YOUR GOAL - Copy, with no pictures, the line that contains "Turquoise river flows" and each line after it down to the end of the entries below, exactly.

LISTED RECORDS -
--------
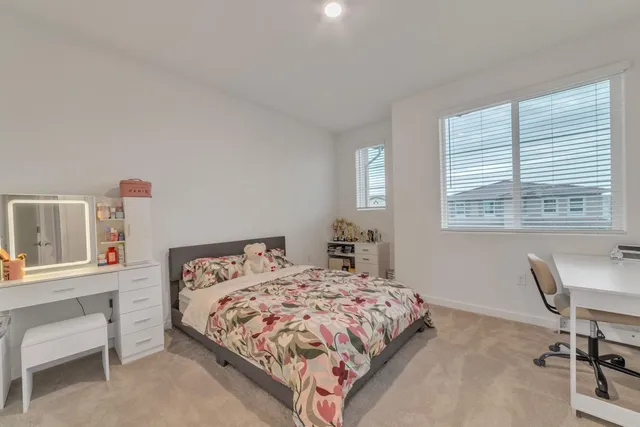 a bedroom with a bed and a desk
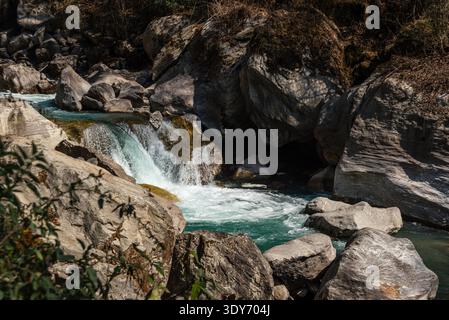 Turquoise river flows over smooth boulders in the mountains of Langtang Valley, Nepal with dry vegetation around Stock Photo
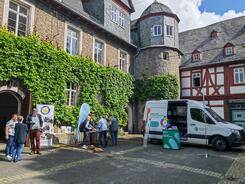 Mehrere Personen stehen an Infost&auml;nden im Hof vor dem Museumsgeb&auml;ude 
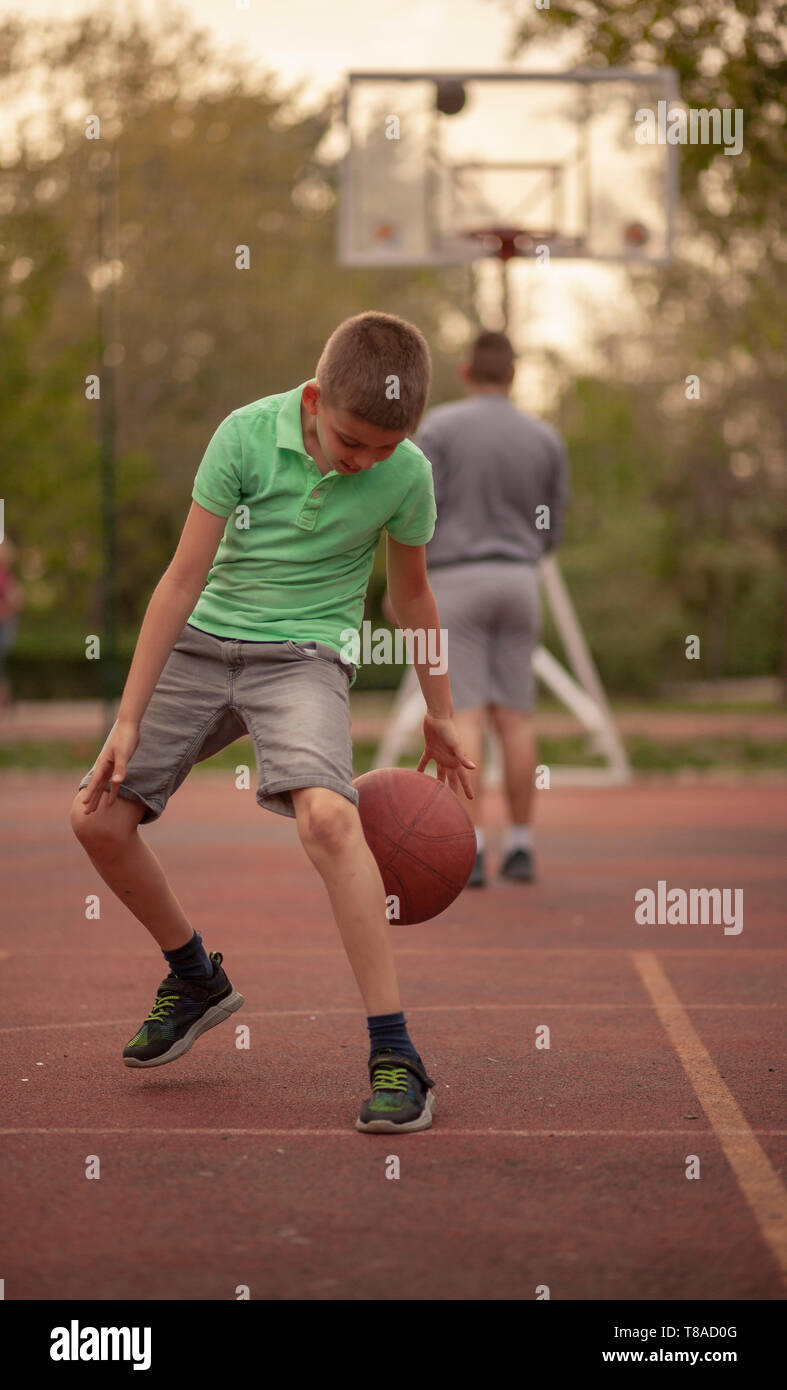 One boy, exercising dribbling ball between his legs. Outdoors on a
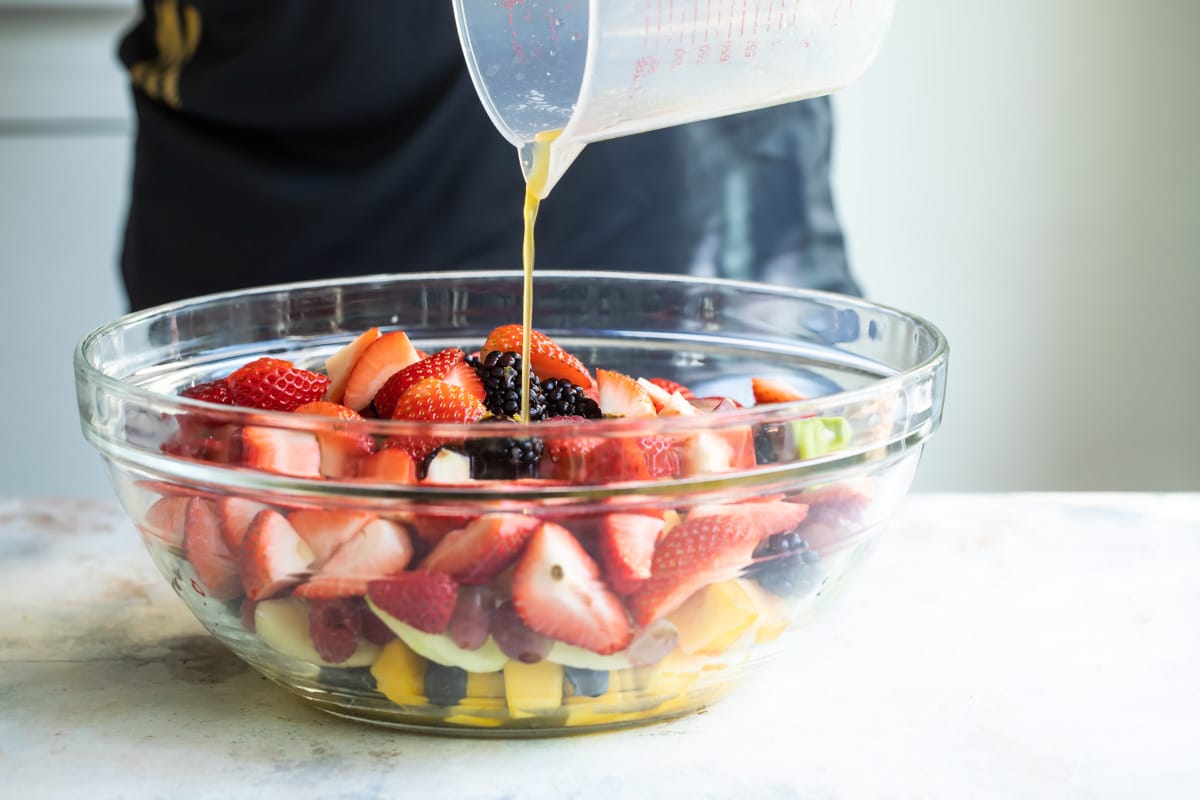 Dressing being poured into a clear bowl filled with fruit.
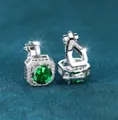Silver square clip earrings featuring a large green gemstone with white diamond halo - White Gold Emerald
--------
RESPONSE BOX -
 Turquoise river flows over smooth boulders in the mountains of Langtang Valley, Nepal with dry vegetation around Stock Photo
 Mehrere Personen stehen an Infost&auml;nden im Hof vor dem Museumsgeb&auml;ude 
 One boy, exercising dribbling ball between his legs. Outdoors on a
 Dressing being poured into a clear bowl filled with fruit.
Silver square clip earrings featuring a large green gemstone with white diamond halo - White Gold Emerald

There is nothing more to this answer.